● **REQUIREMENT**
Images embedded in the records are excluded; print everything else exactly as given.

● **DATASET RECORDS**
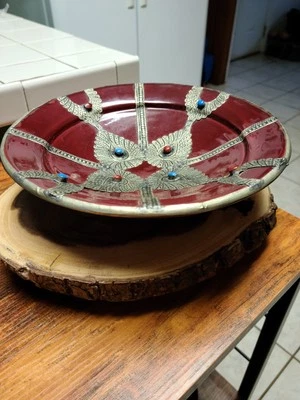 Late 20th Century Moroccan Ceramic Bowl With Silvertone Metal & Stones - Image 1 of 4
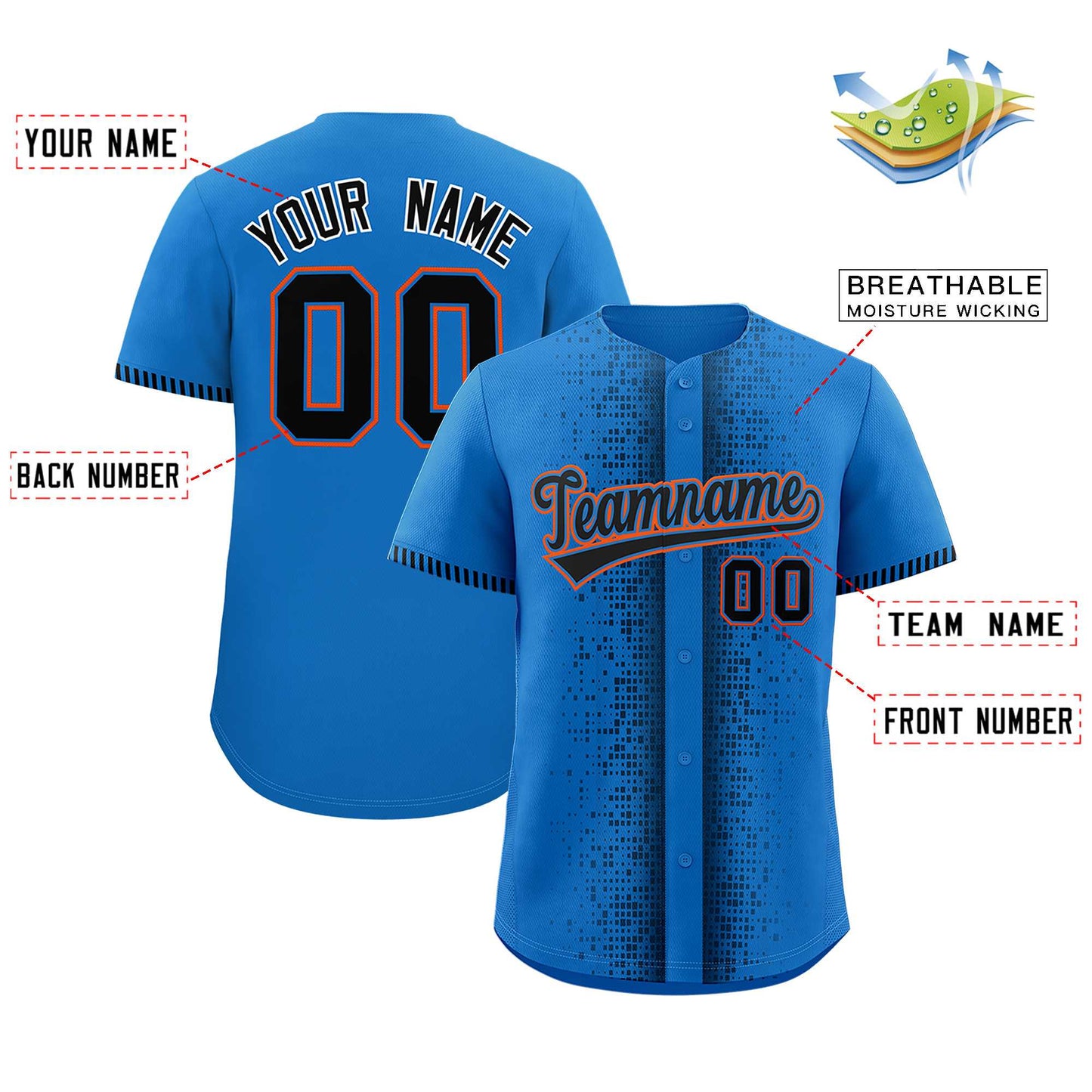 Custom Powder Blue Black Personalized Phonetic Rhythm Authentic Baseball Jersey Limited
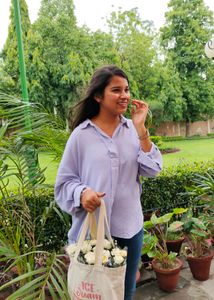 Lavender Oversized Button-Down Shirt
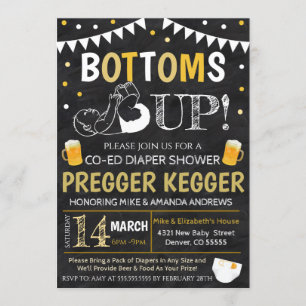 Pregger Kegger Baby shower Invitation Kaart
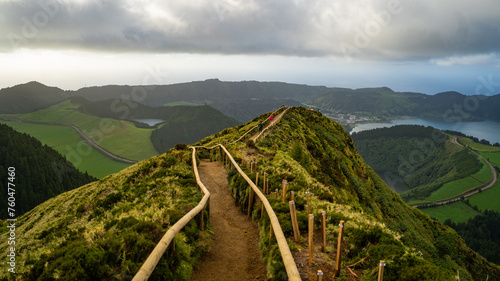 View from Miradouro da Boca do Inferno to Sete Citades, Azores, Portugal during sunset or sunrise  photo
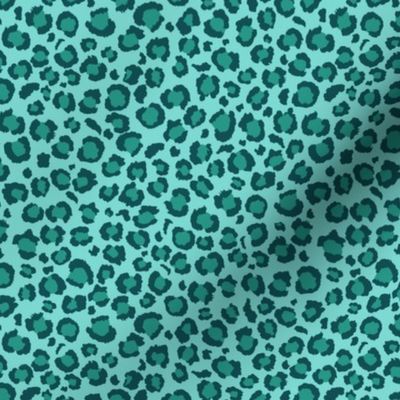 Leopard Print in Ocean Lagoon Blue | Small Scale  Animal Print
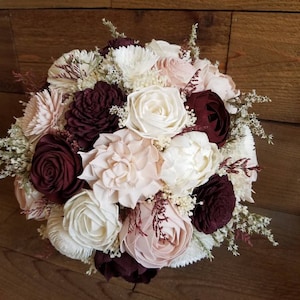 Custom Bouquet Burgundy Wine Blush Sola Wood Flower Dried Flowers Wedding Bridal Bridesmaids Toss Flower Girl Stella Designs Style 79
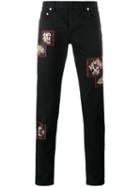 Dior Homme - Floral Patch Jeans - Men - Cotton/polyester/spandex/elastane - 30, Black, Cotton/polyester/spandex/elastane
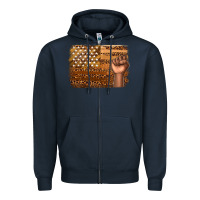 Navy American melanin flag Zipper Hoodie - texasbilliewilder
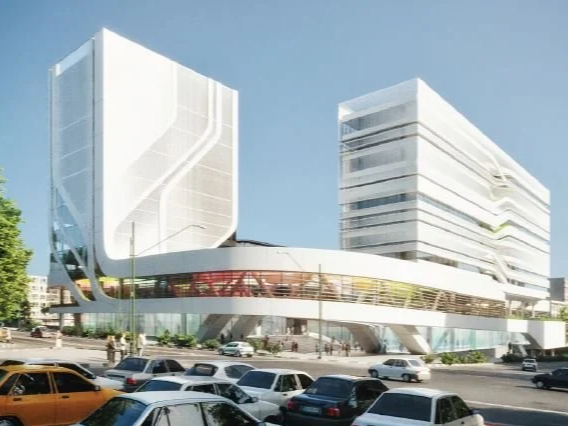 Modern commercial architecture showcasing expressive glass façades, sustainable design principles, and a vibrant mixed-use environment.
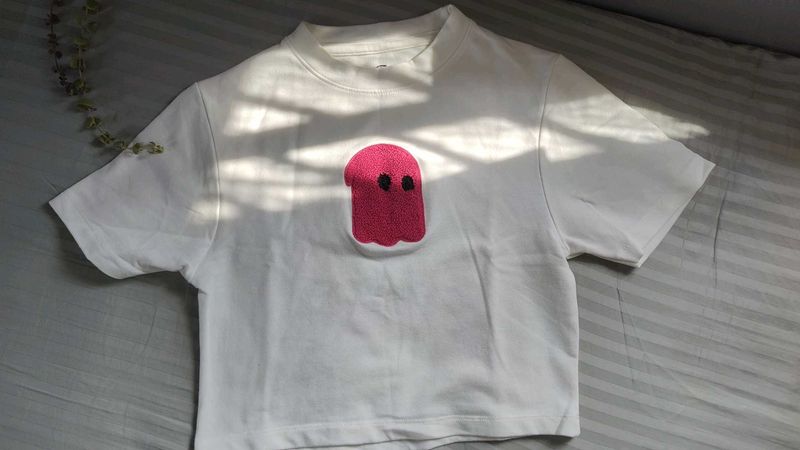 Cute Ghost Graphic Crop Tee
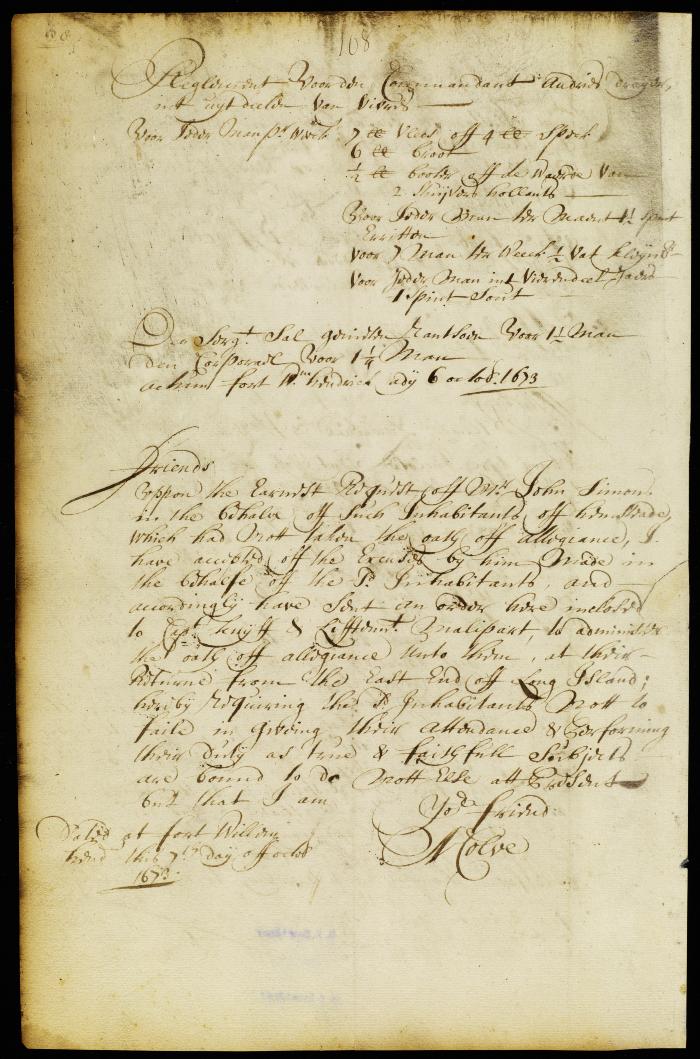 Letter from gov. Colve to Hempstead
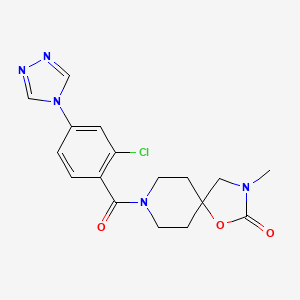 molecular formula C17H18ClN5O3 B5564916 8-[2-chloro-4-(4H-1,2,4-triazol-4-yl)benzoyl]-3-methyl-1-oxa-3,8-diazaspiro[4.5]decan-2-one 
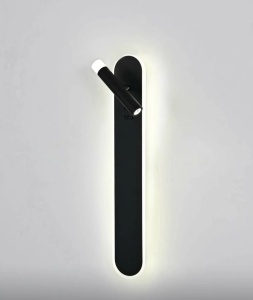 Aplica LED modernă neagră cu lumină ambientală și spot orientabil, ideală pentru living sau dormitor.
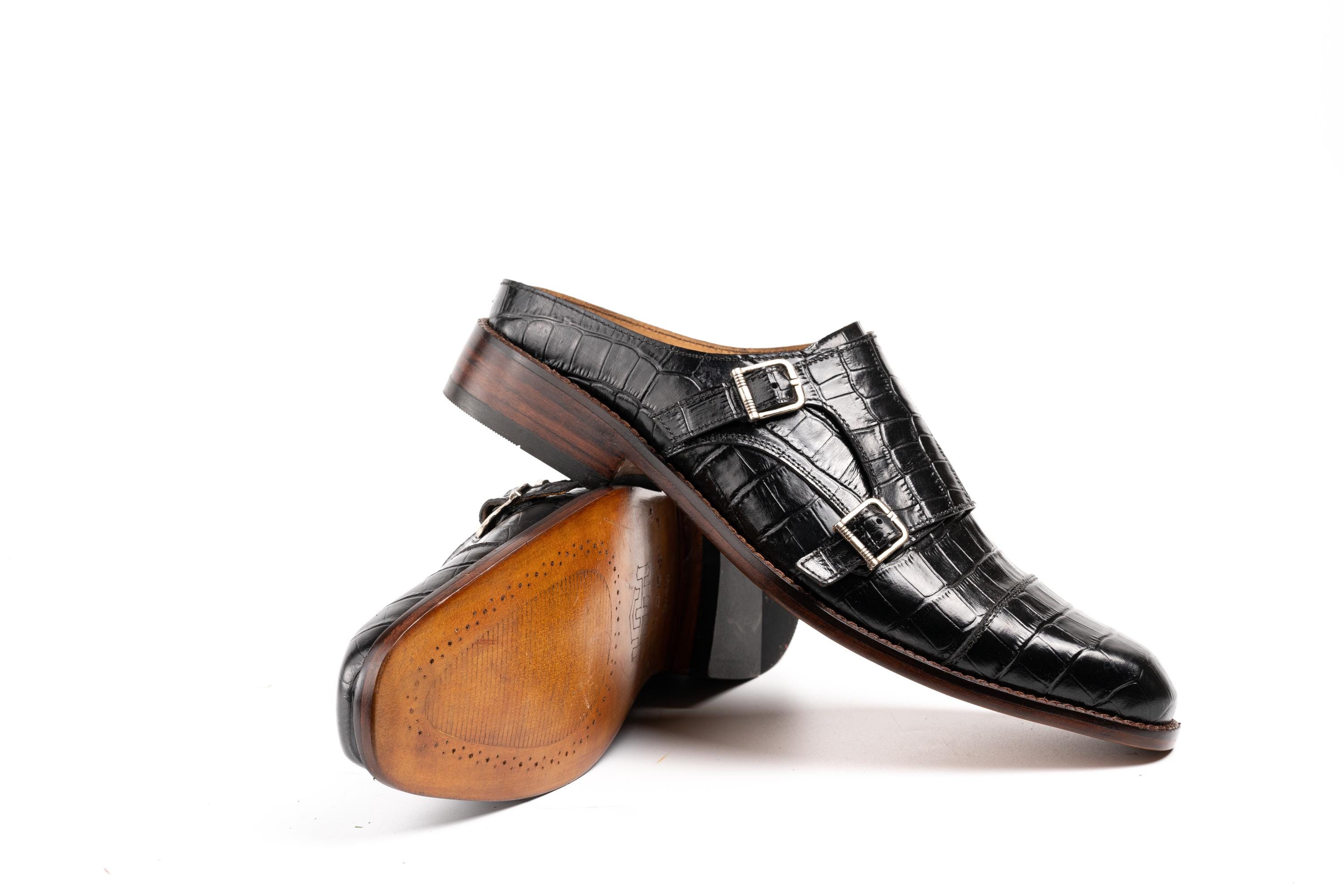【日本入手困難】Shuffle double monk strap leather mules PRADA | Shuffle Double Strap Monk Shoes | Men | Lane Crawford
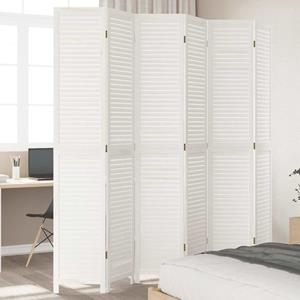 vidaXL Kamerscherm met 6 panelen massief paulowniahout wit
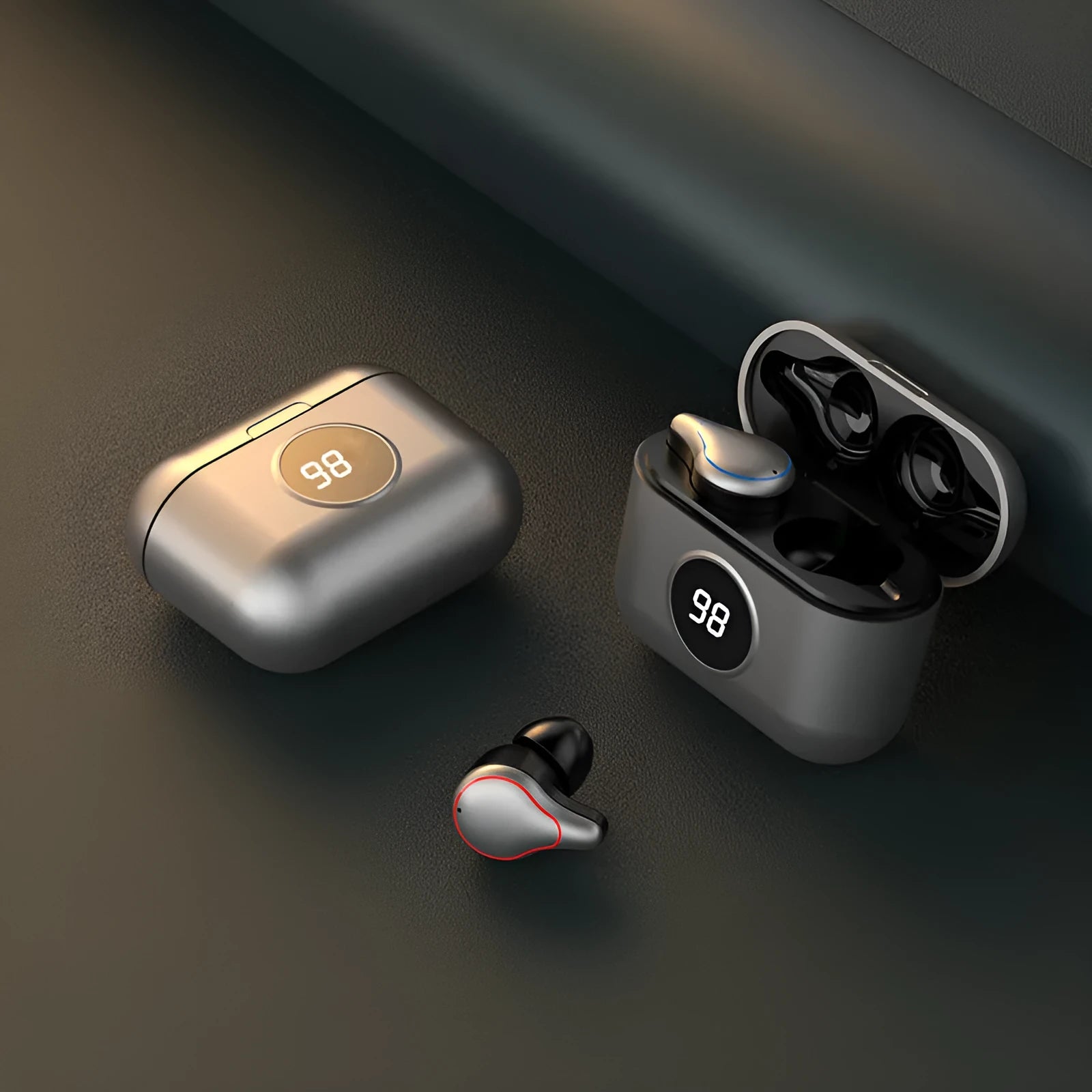 Black and blue in-ear Bluetooth wireless stereo headsets with earplug design.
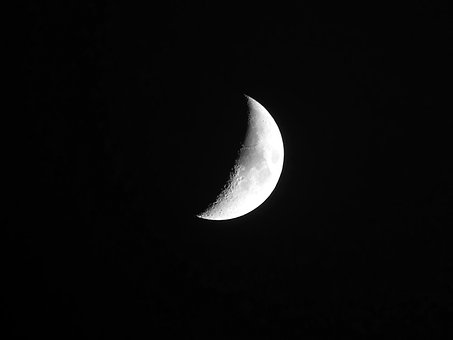 Luna, Semilună, Noapte, Astronomie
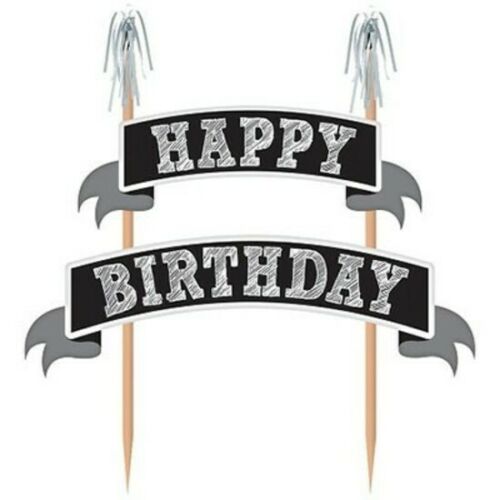 Party Balloon Cake Pick Happy Birthday Black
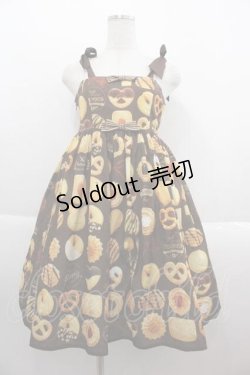 画像1: Baby Ball Lolita(海外ロリータブランド) / Butter Cookiesジャンパースカート S ブラウン I-25-09-13-075-LO-OP-HD-ZI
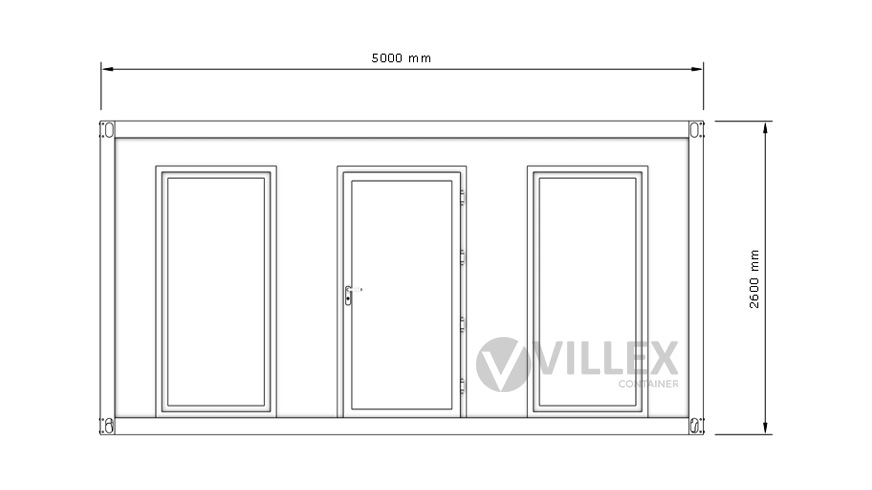 Bürocontainer Villex Medium Wood Pavillon 2.0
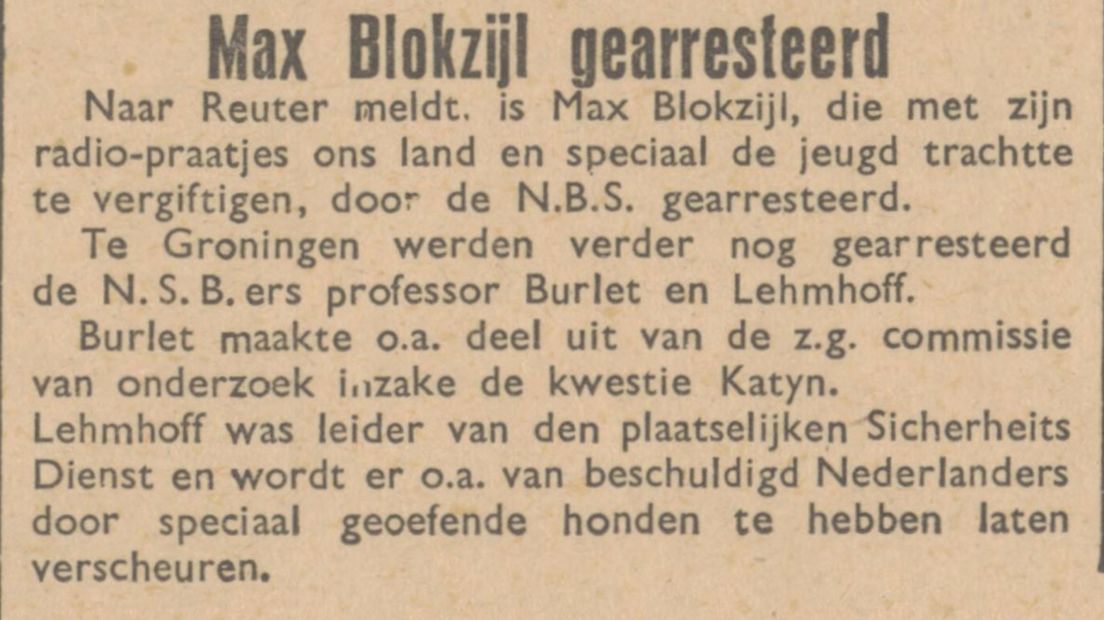 19 april 1945, De Burlets arrestatie in de krant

● **YOUR RESPONSE**
 Late 20th Century Moroccan Ceramic Bowl With Silvertone Metal & Stones - Image 1 of 4
 Custom Powder Blue Black Personalized Phonetic Rhythm Authentic Baseball Jersey Limited
 Lavender Oversized Button-Down Shirt
 Pregger Kegger Baby shower Invitation Kaart
 View from Miradouro da Boca do Inferno to Sete Citades, Azores, Portugal during sunset or sunrise  photo
 Leopard Print in Ocean Lagoon Blue | Small Scale  Animal Print
 Custom Bouquet Burgundy Wine Blush Sola Wood Flower Dried Flowers Wedding Bridal Bridesmaids Toss Flower Girl Stella Designs Style 79
 Dior Homme - Floral Patch Jeans - Men - Cotton/polyester/spandex/elastane - 30, Black, Cotton/polyester/spandex/elastane
 Navy American melanin flag Zipper Hoodie - texasbilliewilder
 Modern commercial architecture showcasing expressive glass façades, sustainable design principles, and a vibrant mixed-use environment.
 Cute Ghost Graphic Crop Tee
 Letter from gov. Colve to Hempstead
 molecular formula C17H18ClN5O3 B5564916 8-[2-chloro-4-(4H-1,2,4-triazol-4-yl)benzoyl]-3-methyl-1-oxa-3,8-diazaspiro[4.5]decan-2-one 
 Aplica LED modernă neagră cu lumină ambientală și spot orientabil, ideală pentru living sau dormitor.
【日本入手困難】Shuffle double monk strap leather mules PRADA | Shuffle Double Strap Monk Shoes | Men | Lane Crawford
 vidaXL Kamerscherm met 6 panelen massief paulowniahout wit
 Black and blue in-ear Bluetooth wireless stereo headsets with earplug design.
 Luna, Semilună, Noapte, Astronomie
 Party Balloon Cake Pick Happy Birthday Black
 画像1: Baby Ball Lolita(海外ロリータブランド) / Butter Cookiesジャンパースカート S ブラウン I-25-09-13-075-LO-OP-HD-ZI
 Bürocontainer Villex Medium Wood Pavillon 2.0
 19 april 1945, De Burlets arrestatie in de krant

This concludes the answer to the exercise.